So, if you look at the water to rice yield ratio, that's substantially better. At the same time, we've reduced greenhouse gas emissions anywhere from 16 to 80 percent. At some point in the past, that was certainly valuable societally as far as the impact it has on climate change and air quality, and all of those sorts of things. What we've seen in recent years is that becoming more important to the environment, which is a positive. What we've also come to learn in recent years is that can have an economic benefit as well. What we are seeing is really flowing from the research that created the basis for the modeling, and are able to stand scientifically behind the fact that these greenhouse gas emissions actually are occurring, is companies out there willing to pay for that practice and pay for that outcome to be able to say that they have reduced the greenhouse gas emissions within their supply chain.

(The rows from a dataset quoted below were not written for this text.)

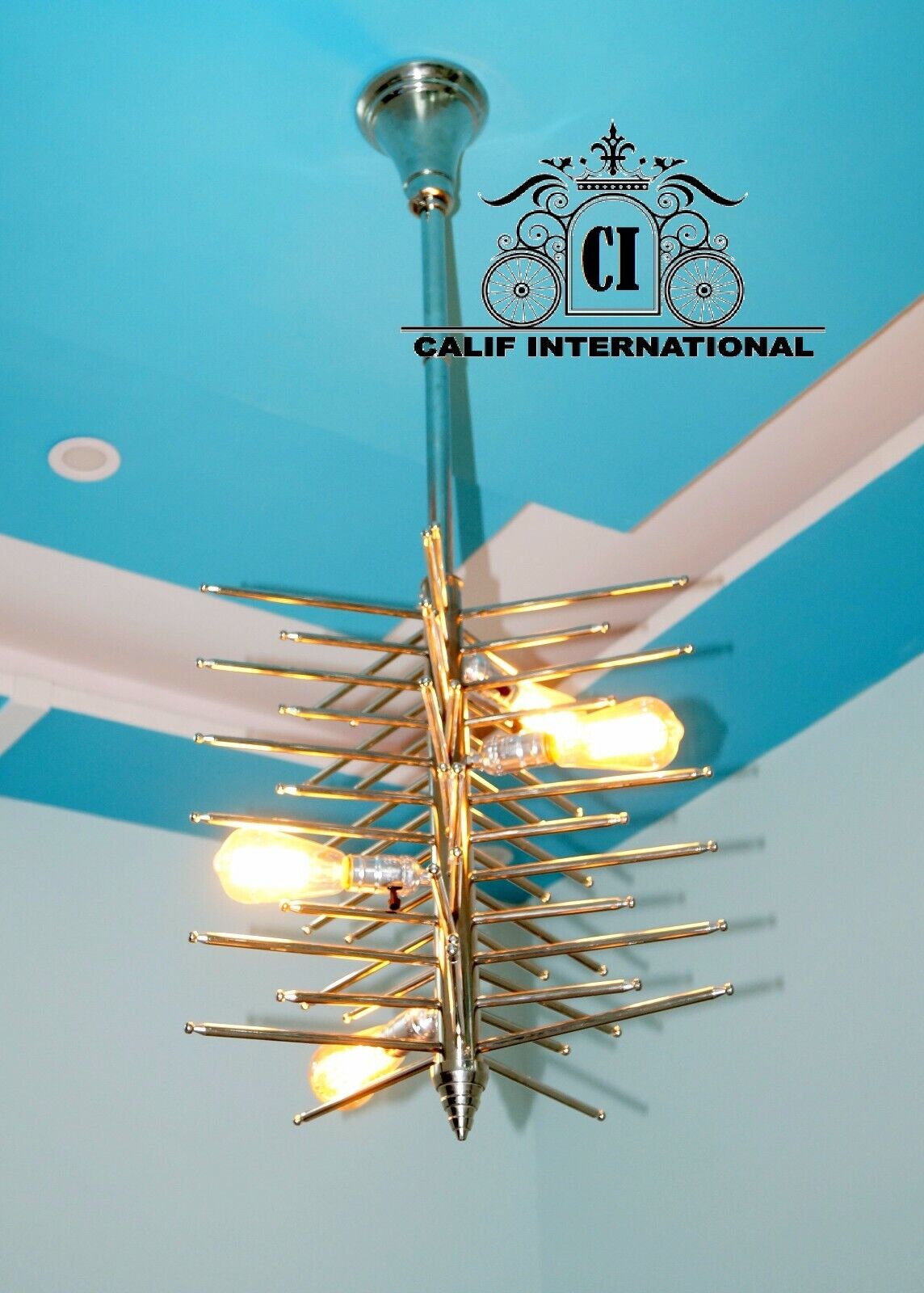Mid century chrome brass sputnik chandelier modern pendant lamp ceiling light
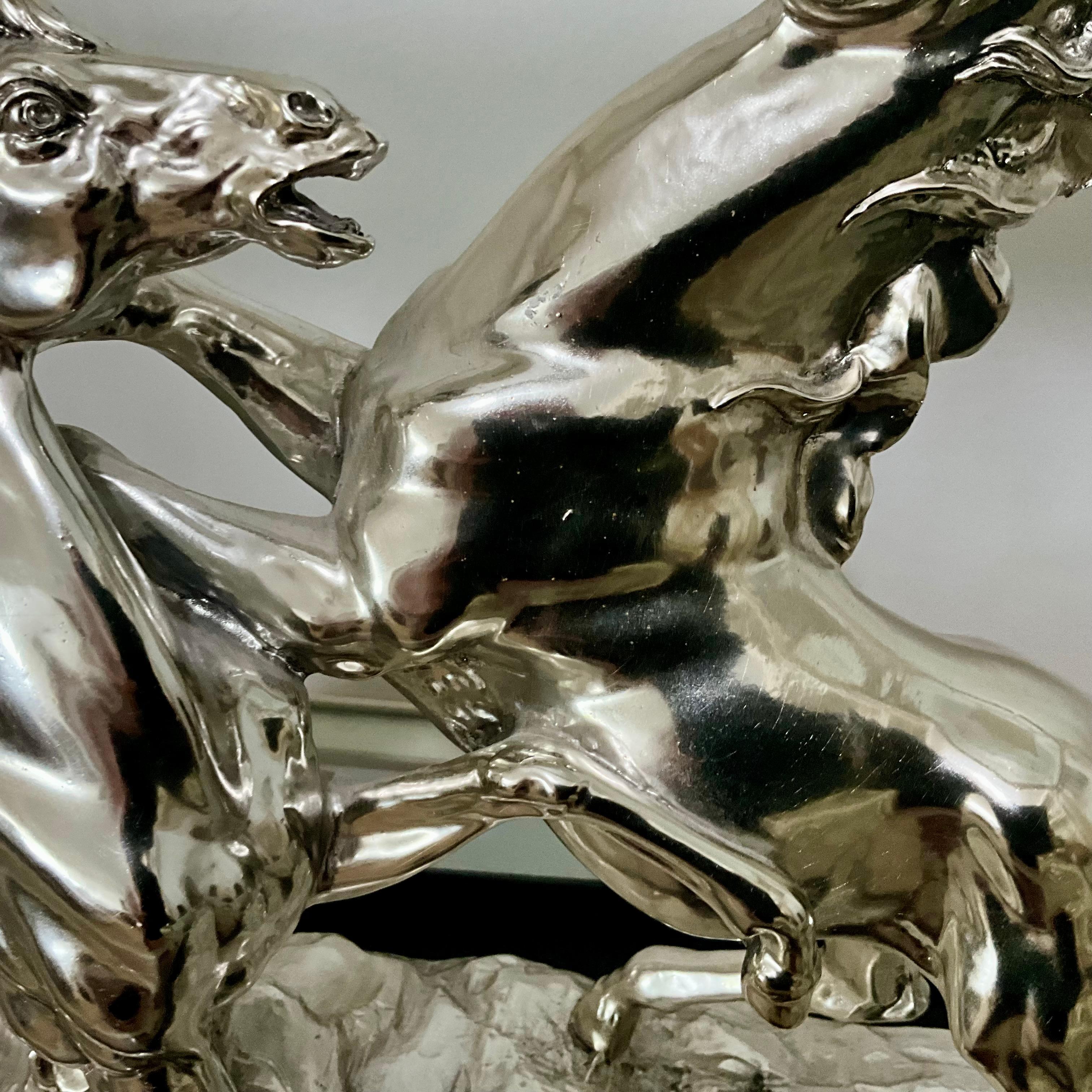 Resina Santini Silvered Resin Sculpture of Two Rearing Horses, Signed, Italy Mid-20th C in vendita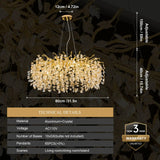 Gold Round Crystal Chandeliers for Dining Room  Modern Crystal Tree Branch Chandelier for Bedroom Living Room Kitchen Island Julia M LifeStyles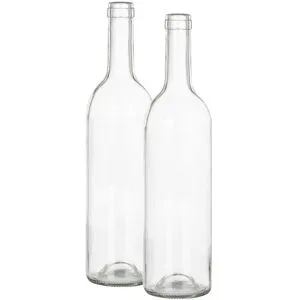 Deko-Glasflaschen, 31,5 cm, 7,5 cm Ø, 2 Stück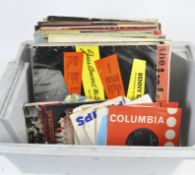 A collection of vintage vinyls, including Gilbert & Sulllivan, Show Time, Music Man,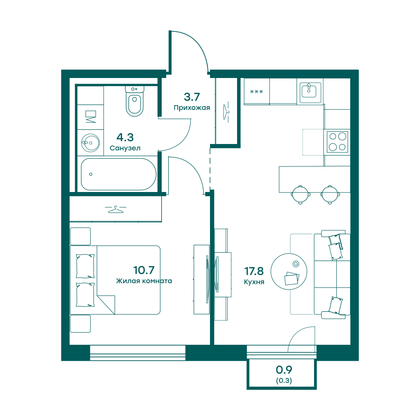 36,8 м², 1-комн. квартира, 4 этаж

I've been happy to take part in projects associated with that, so companies who have made greenhouse gas reduction commitments are able to help meet those commitments because we are able to implement these types of practices on farms across rice-growing regions. Now, what we have is the understanding that these practices matter on a scientific basis, that these practices make a difference, but also that economic incentives sort of offset some of the risks associated with farmers adopting these practices.
Maoya: Tell us a little bit more, or more specifically, of carbon credit validation. What is the information that is required to do these types of validations?
Beatriz: There are, right now, a lot of companies getting into this world of the carbon Market. Everybody wants to do this. They are working fast. In our site, of course we want to do things in an appropriate way, because all that modeling needs to be based on data. So, these companies, they need to have knowledge based on peer-reviewed publications. Different companies are building their own platforms, their own models, but they need to have third party verification. That's how our work became important, because we provide that.
So far, we don't collaborate or do any work with the carbon Markets, but we have been approached with different companies. We are starting to collaborate and to provide data, having companies installing sensors in our fields or doing greenhouse gas measurements. With that data, we can provide more data to validate their models. There is still a lot of uncertainty with the carbon credits. There are a lot of questions. For example, Mark was telling [you about] our research in his farm. We have two 70-acre fields. Even [in] the field [that] is zero grade, you can imagine that [in] a 70-acre field sometimes you have parts of the field that are wet and parts that are dry. We have seen that. In a field with a slope, you will have sometimes that the top is dry, the bottom is wet.
These carbon credits work like, say, you input the data in a model, and then you estimate methane emissions, greenhouse gas emissions. But sometimes, it's not all the field is flooded or dry. Spatial resolution of AWD, for example, is something that these companies need to work more on that. For example, using remote sensing, we can identify how, in a large field or in a large area in a rice-producing county, we can see what areas are under AWD or not. There is still a lot of research on that.
Mark: The core basic research that takes place in places like this are key to unlocking some of the private enterprises out there that make these things work in the economy. Them going to the field, collecting this data, processing that data, publishing the scientific research, measuring it with these methane flux towers, and having real data to stand behind that, is incredibly important in unlocking a lot of opportunity out in the private Markets and in other research in the future. So, we're certainly grateful for that work.
One of the early carbon offset experiences we had happened around the same time we started the measurement towers, but some of the activities predated the collection of data. It was with a local irrigation District that was working with the California Air Resources Board (ARB) protocol on carbon offsets at the time that did recognize some of these practices as creating carbon reduction. They used a model that at the time I believe was likely significantly under-measuring the amount of carbon potential that we had in the field. Also, the process was the proof of concept, and it did that quite well, but it wasn't at the economy of scale that made it possible to be economically viable.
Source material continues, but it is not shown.